Rejected from Something Good

A black and white photograph of a staircase with the top brightly lit enough that it obscures whatever is there, with a human figure, possibly wearing a backpack, standing near the top. The black serif text reads, "As I look back on my life, I realize that every time I thought I was being rejected from something good, I was actually being re-directed to something better." The source is "Positive Energy."
A black and white photograph of a staircase with the top brightly lit enough that it obscures whatever is there, with a human figure, possibly wearing a backpack, standing near the top. The black serif text reads, “As I look back on my life, I realize that every time I thought I was being rejected from something good, I was actually being re-directed to something better.” The source is “Positive Energy.”

If you’re not familiar, Aesop’s Fables is a collection of short moralistic stories that have had a surprisingly strong influence over idioms in the English language.

Sort of pre-macro pithy advice, really.

The Fox and the Grapes” is the tale of a very hungry (wait for it) fox who simply cannot reach the enticing grapes on a nearby grapevine.

So he gives up and says, “Pshhh, I didn’t really want those sour-ass grapes anyway.”

And hence we have the expression “sour grapes.”

This macro reminds me of that fox who determined that the unattainable grapes must be shitty.

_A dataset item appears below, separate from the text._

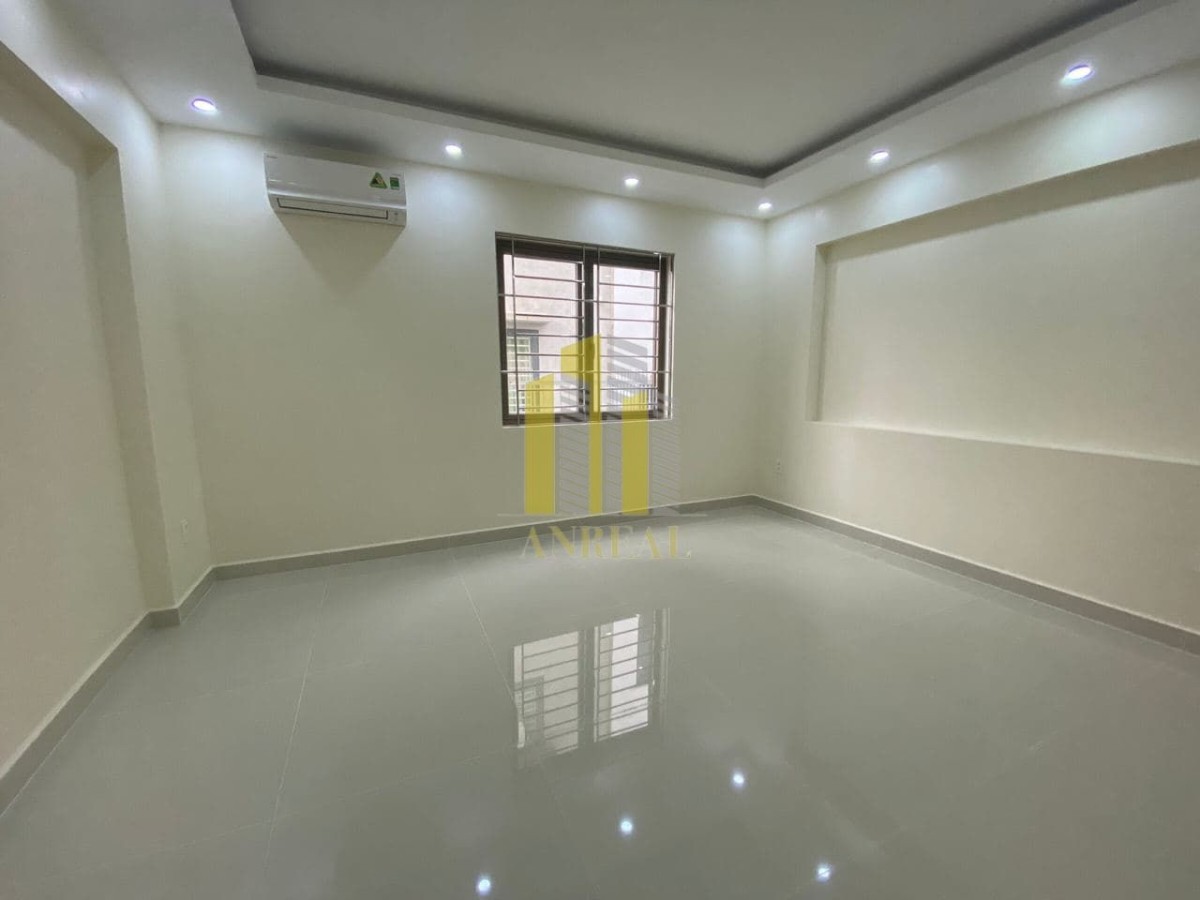 Nhà mt 90m2 - 3 lầu cho thuê giá 28tr/th gần Trần Lựu, quận 2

Clearly, the moral is to devalue what you can’t obtain, because you’ll be happier if you don’t have to experience regret.

Gimme an A for Aesop!

This image choice feels strange for an inspirational quote. It’s a little on the eerie side.

I don’t have to stretch to imagine this as a poster for a horror movie, if it were just paired with an appropriately tattered or blood-drippy font.

“The Thing at the Top of the Stairs.”

Or even just, “The Stairs.”

“The Shining.”

But not that one.

Or, okay, I even could see it being that one.

And then again, in the end, isn’t this actually kind of a horrifying message?

Let’s examine that idea.

In a symbolic sense, it’s not hard to see how a long staircase represents the idea of being re-directed to something better.

But why is what’s at the top of the stairs assumed to be “better” than whatever is at the bottom?

Just as it can feel like you’ve conquered something scary when you achieve a desirable goal (i.e. getting to the top of the stairs), it can feel like you’ve chickened out or failed if your sights were set on an aspiration that you aren’t quite able to reach (i.e. staying at the bottom or turning around halfway through).

The fact that a person had to walk a long way to get to a destination does not make that destination any different, let alone better, than it would have been if it was closer.

It’s scary to confront loss and disappointment.

And there’s no doubt that it sucks to be rejected from something good.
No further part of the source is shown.